[Captioned web image data]

# # # # # # #

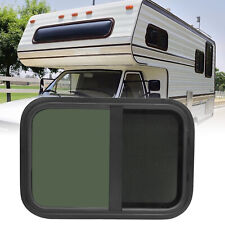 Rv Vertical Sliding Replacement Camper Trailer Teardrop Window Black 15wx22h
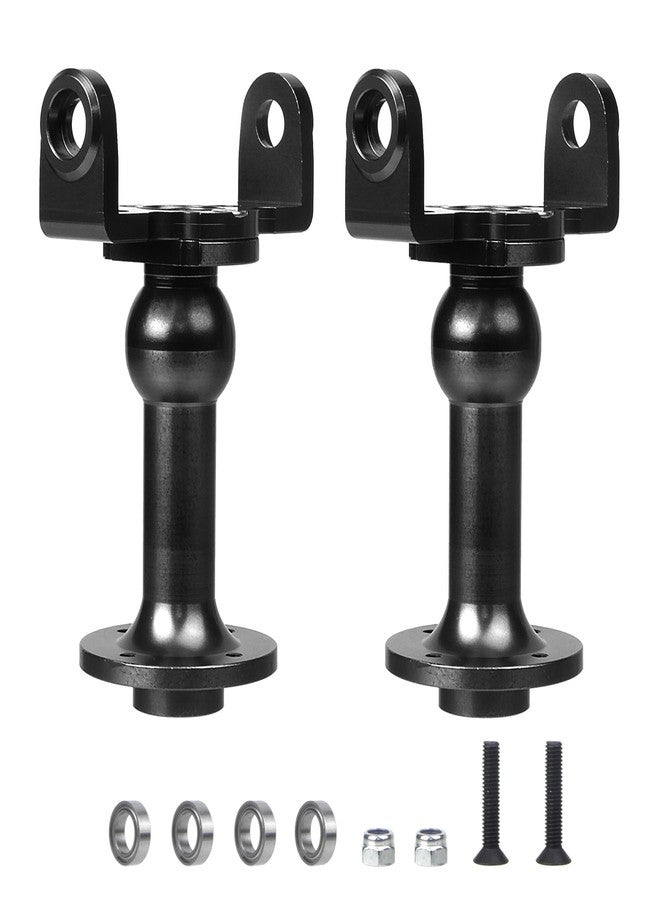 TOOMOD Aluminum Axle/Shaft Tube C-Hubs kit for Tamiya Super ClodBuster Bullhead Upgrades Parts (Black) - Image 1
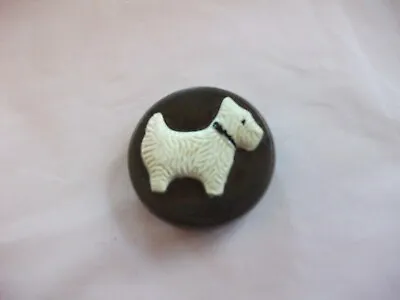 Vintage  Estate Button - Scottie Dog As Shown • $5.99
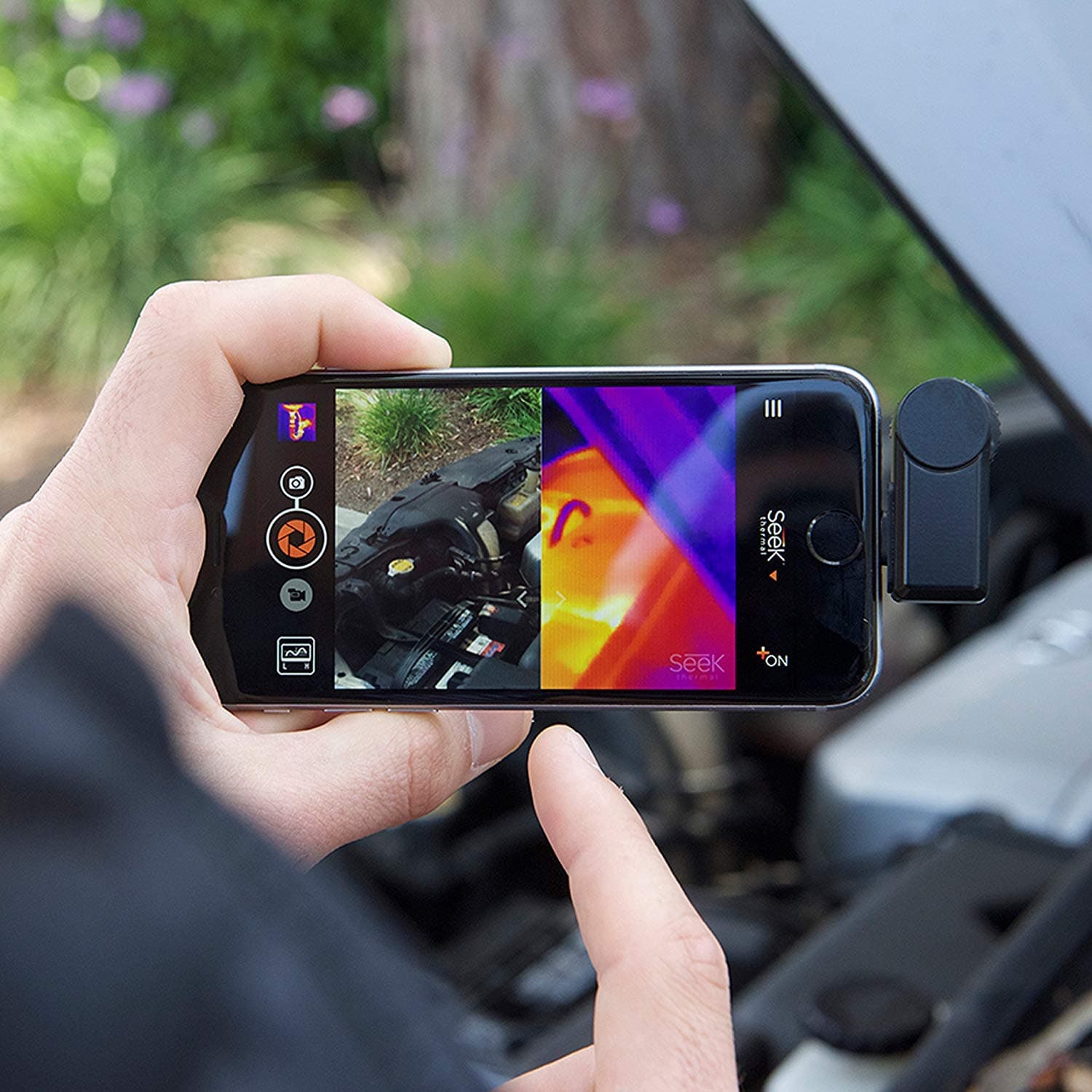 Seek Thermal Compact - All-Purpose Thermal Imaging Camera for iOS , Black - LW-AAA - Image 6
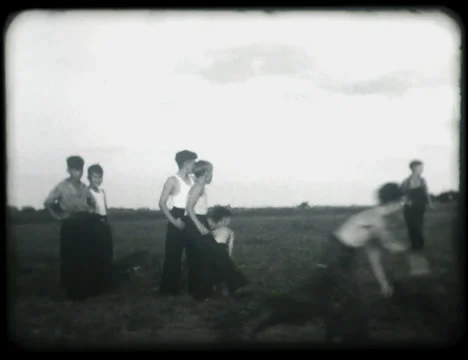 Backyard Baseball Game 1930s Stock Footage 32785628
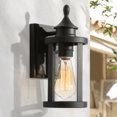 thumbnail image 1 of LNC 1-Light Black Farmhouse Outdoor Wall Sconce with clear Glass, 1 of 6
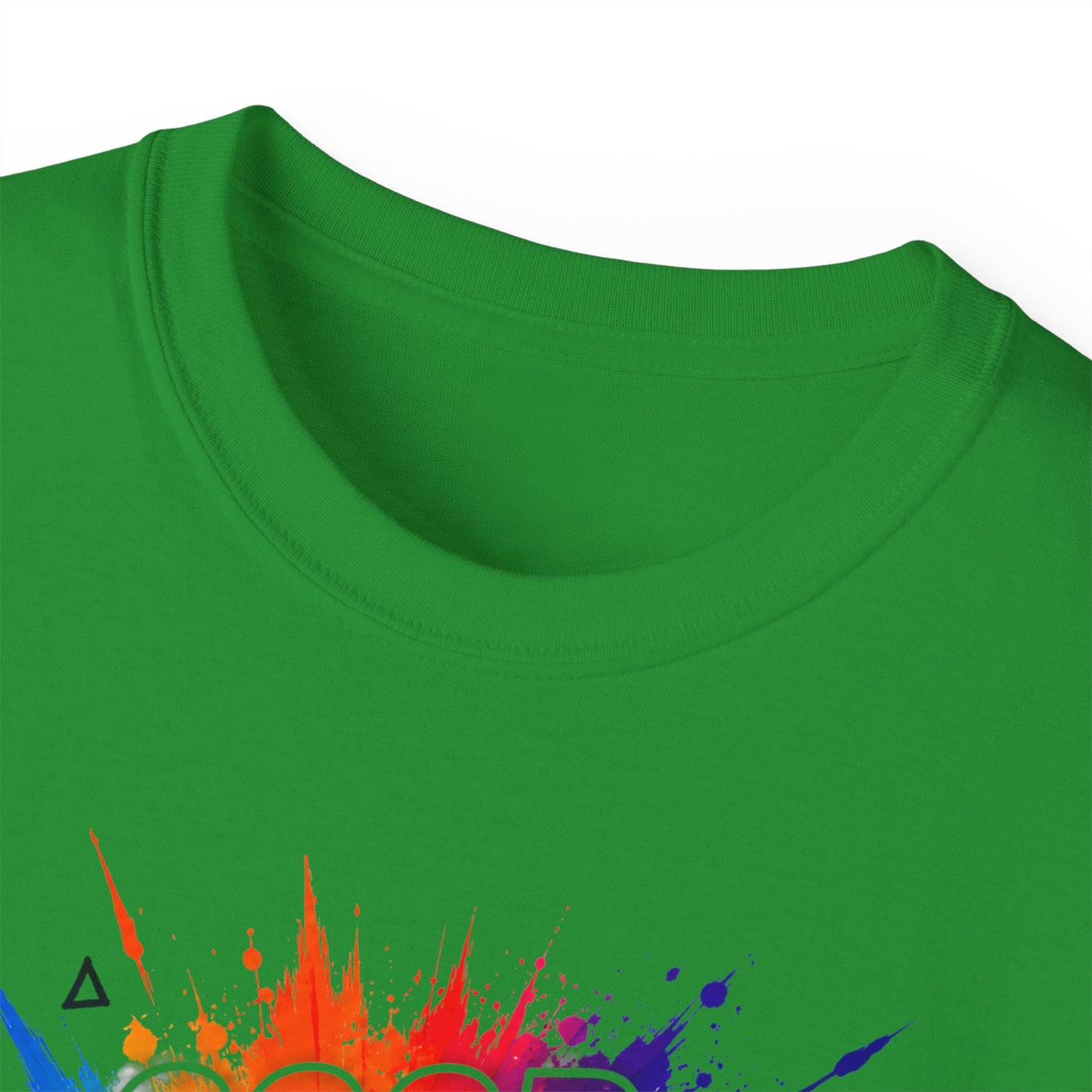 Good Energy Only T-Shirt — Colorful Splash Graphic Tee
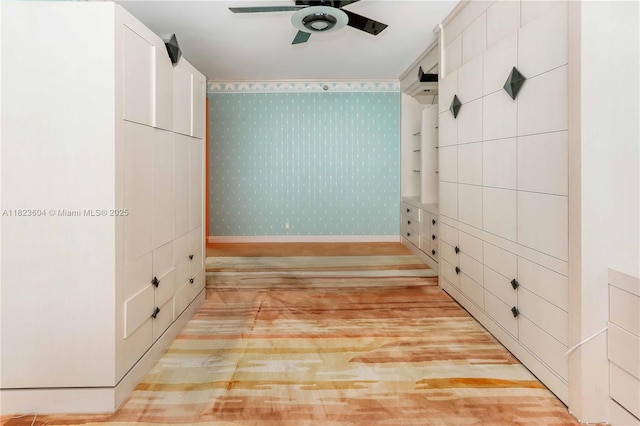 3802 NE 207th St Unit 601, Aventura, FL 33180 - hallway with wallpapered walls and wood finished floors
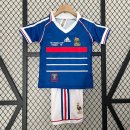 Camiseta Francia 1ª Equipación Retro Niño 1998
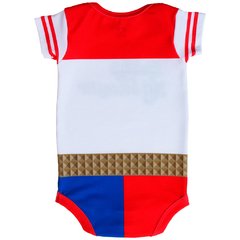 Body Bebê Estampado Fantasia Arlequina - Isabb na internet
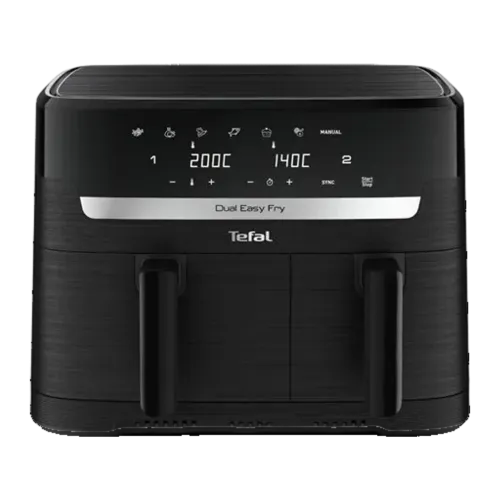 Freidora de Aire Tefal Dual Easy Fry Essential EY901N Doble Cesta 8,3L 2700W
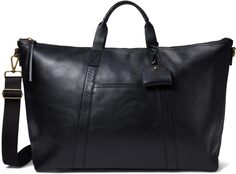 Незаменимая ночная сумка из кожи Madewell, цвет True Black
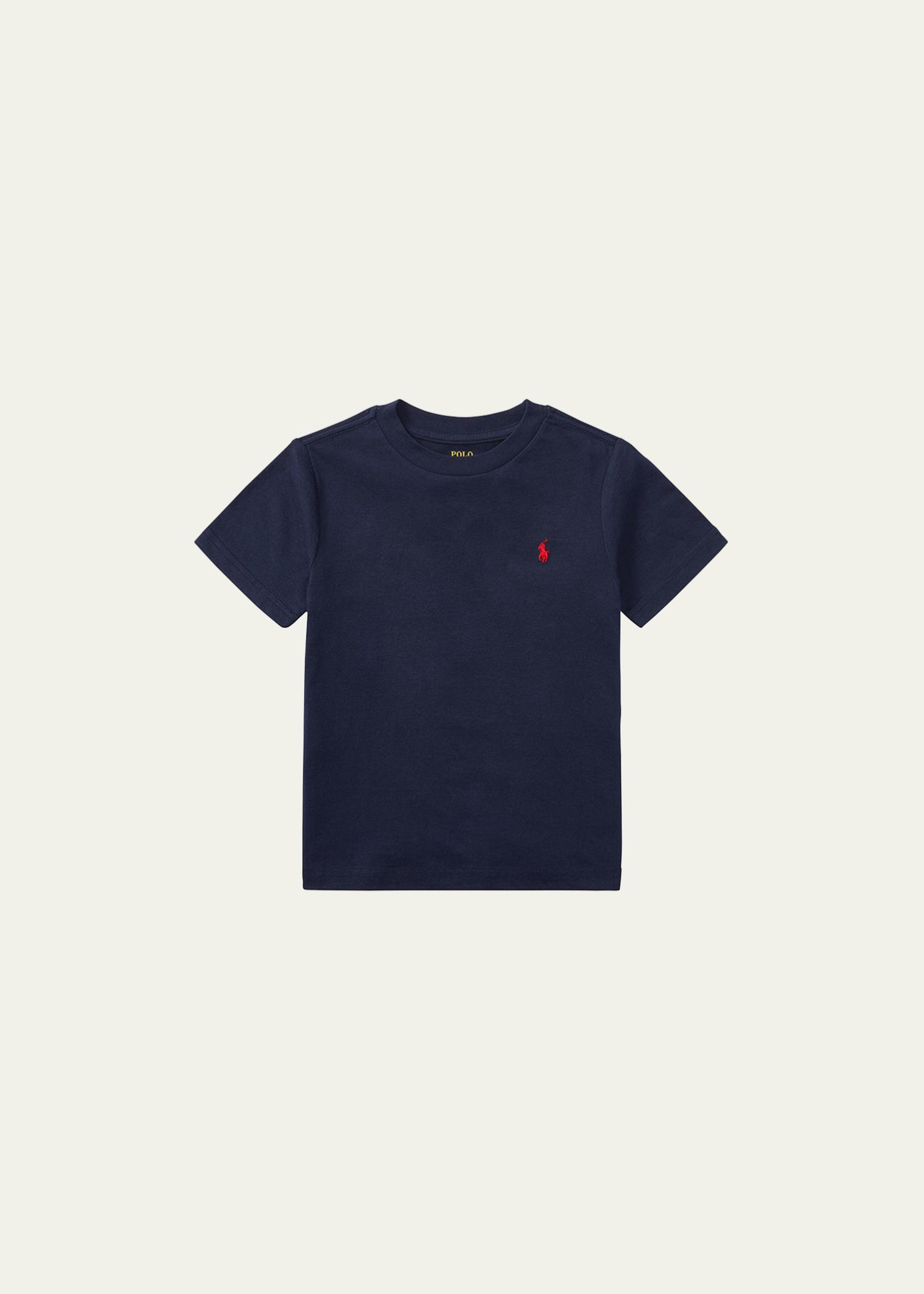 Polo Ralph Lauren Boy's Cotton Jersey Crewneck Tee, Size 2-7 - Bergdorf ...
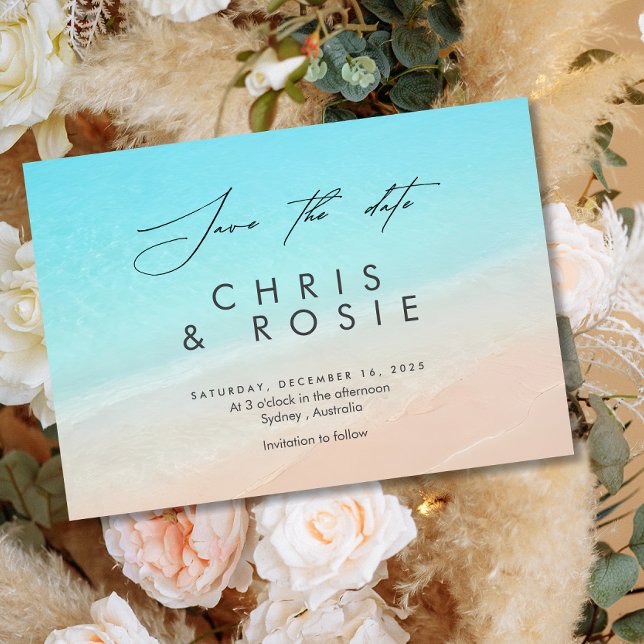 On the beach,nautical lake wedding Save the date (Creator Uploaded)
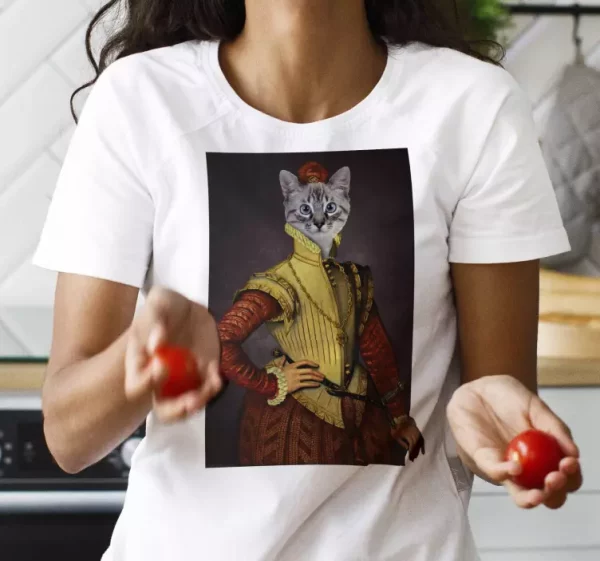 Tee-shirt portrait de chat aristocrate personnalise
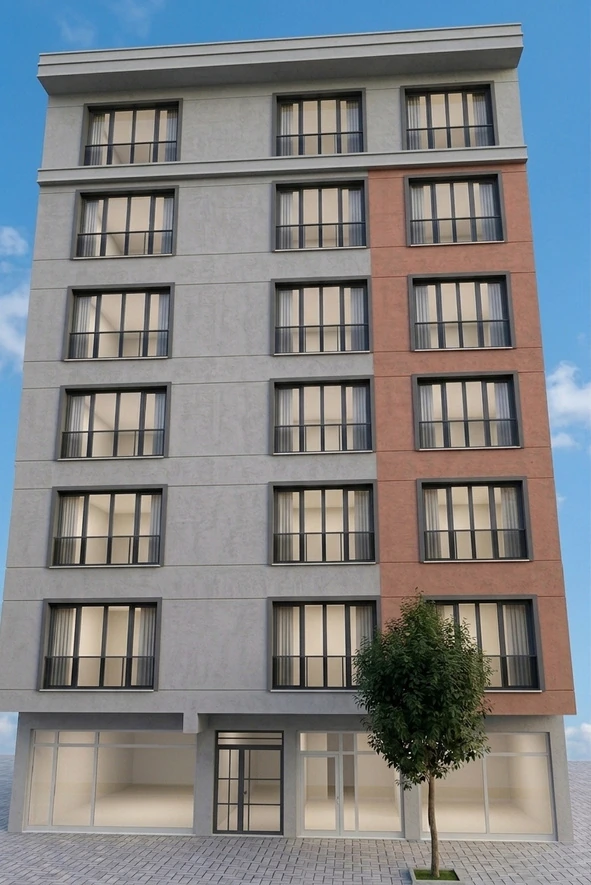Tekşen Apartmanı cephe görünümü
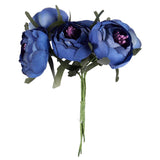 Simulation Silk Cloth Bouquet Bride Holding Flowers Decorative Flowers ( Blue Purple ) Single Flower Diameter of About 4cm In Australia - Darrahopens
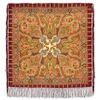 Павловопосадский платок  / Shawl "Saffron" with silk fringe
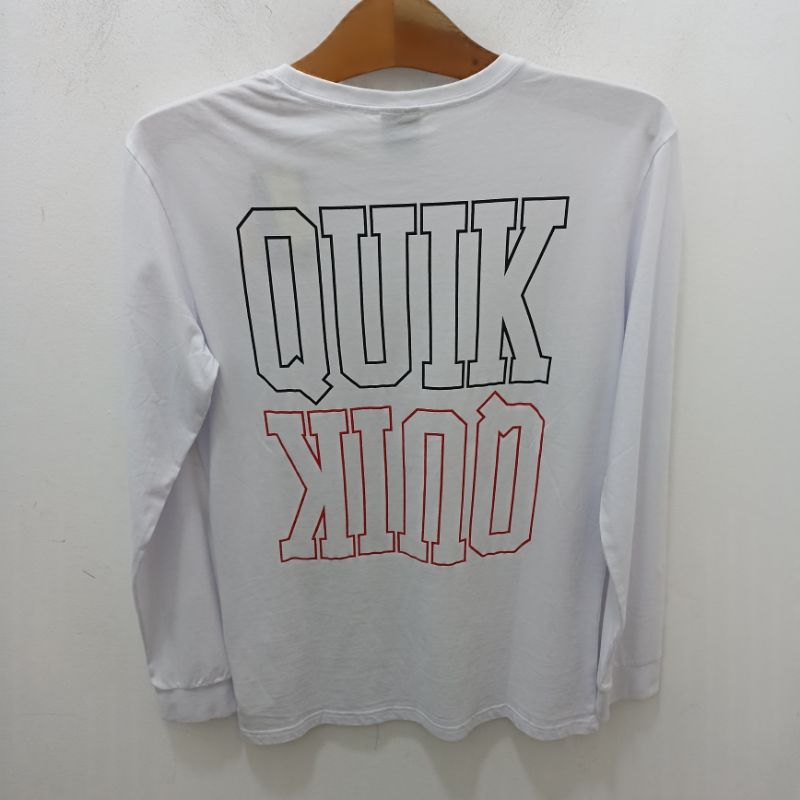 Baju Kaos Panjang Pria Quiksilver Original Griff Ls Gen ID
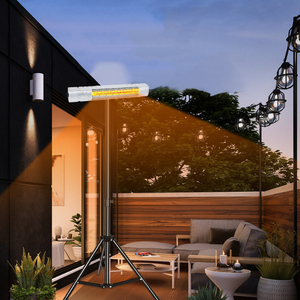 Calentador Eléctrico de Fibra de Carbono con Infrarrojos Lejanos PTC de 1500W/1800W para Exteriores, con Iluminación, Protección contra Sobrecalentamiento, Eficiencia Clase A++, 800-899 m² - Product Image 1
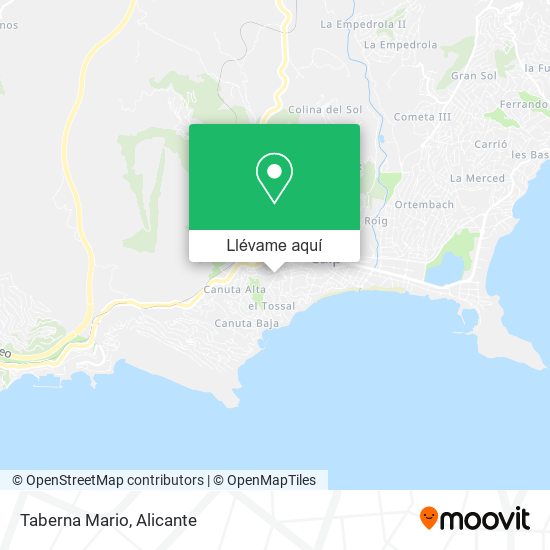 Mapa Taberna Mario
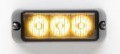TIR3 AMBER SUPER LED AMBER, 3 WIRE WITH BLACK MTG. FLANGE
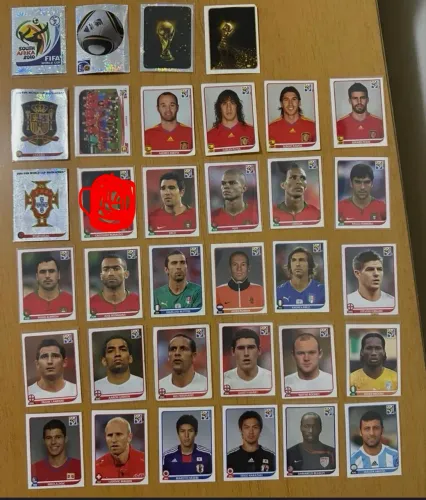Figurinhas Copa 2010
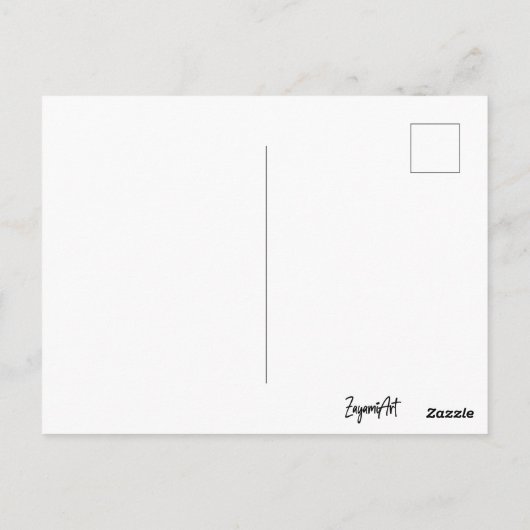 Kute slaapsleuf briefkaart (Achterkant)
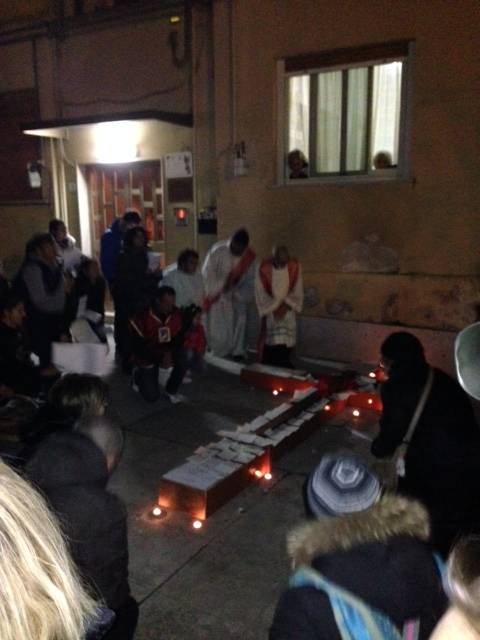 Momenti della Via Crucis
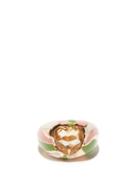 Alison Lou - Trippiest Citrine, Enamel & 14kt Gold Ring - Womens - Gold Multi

# # # # # # #

**Problem description:**
Start at the first line and set down all of the data exactly, passing over the pictures.

**Output of the exercise:**
 Rv Vertical Sliding Replacement Camper Trailer Teardrop Window Black 15wx22h
 TOOMOD Aluminum Axle/Shaft Tube C-Hubs kit for Tamiya Super ClodBuster Bullhead Upgrades Parts (Black) - Image 1
 Vintage  Estate Button - Scottie Dog As Shown • $5.99
 Seek Thermal Compact - All-Purpose Thermal Imaging Camera for iOS , Black - LW-AAA - Image 6
 Backyard Baseball Game 1930s Stock Footage 32785628
 thumbnail image 1 of LNC 1-Light Black Farmhouse Outdoor Wall Sconce with clear Glass, 1 of 6
 Good Energy Only T-Shirt — Colorful Splash Graphic Tee
 3802 NE 207th St Unit 601, Aventura, FL 33180 - hallway with wallpapered walls and wood finished floors
 Camiseta Francia 1ª Equipación Retro Niño 1998
 Body Bebê Estampado Fantasia Arlequina - Isabb na internet
 Freidora de Aire Tefal Dual Easy Fry Essential EY901N Doble Cesta 8,3L 2700W
 Незаменимая ночная сумка из кожи Madewell, цвет True Black
 Polo Ralph Lauren Boy's Cotton Jersey Crewneck Tee, Size 2-7 - Bergdorf ...
 On the beach,nautical lake wedding Save the date (Creator Uploaded)
 Tee-shirt portrait de chat aristocrate personnalise
Tekşen Apartmanı cephe görünümü
 Simulation Silk Cloth Bouquet Bride Holding Flowers Decorative Flowers ( Blue Purple ) Single Flower Diameter of About 4cm In Australia - Darrahopens
 Павловопосадский платок  / Shawl "Saffron" with silk fringe
 Baju Kaos Panjang Pria Quiksilver Original Griff Ls Gen ID
 Calentador Eléctrico de Fibra de Carbono con Infrarrojos Lejanos PTC de 1500W/1800W para Exteriores, con Iluminación, Protección contra Sobrecalentamiento, Eficiencia Clase A++, 800-899 m² - Product Image 1
 Mapa Taberna Mario
TIR3 AMBER SUPER LED AMBER, 3 WIRE WITH BLACK MTG. FLANGE
Figurinhas Copa 2010
 Kute slaapsleuf briefkaart (Achterkant)
 Momenti della Via Crucis
 Alison Lou - Trippiest Citrine, Enamel & 14kt Gold Ring - Womens - Gold Multi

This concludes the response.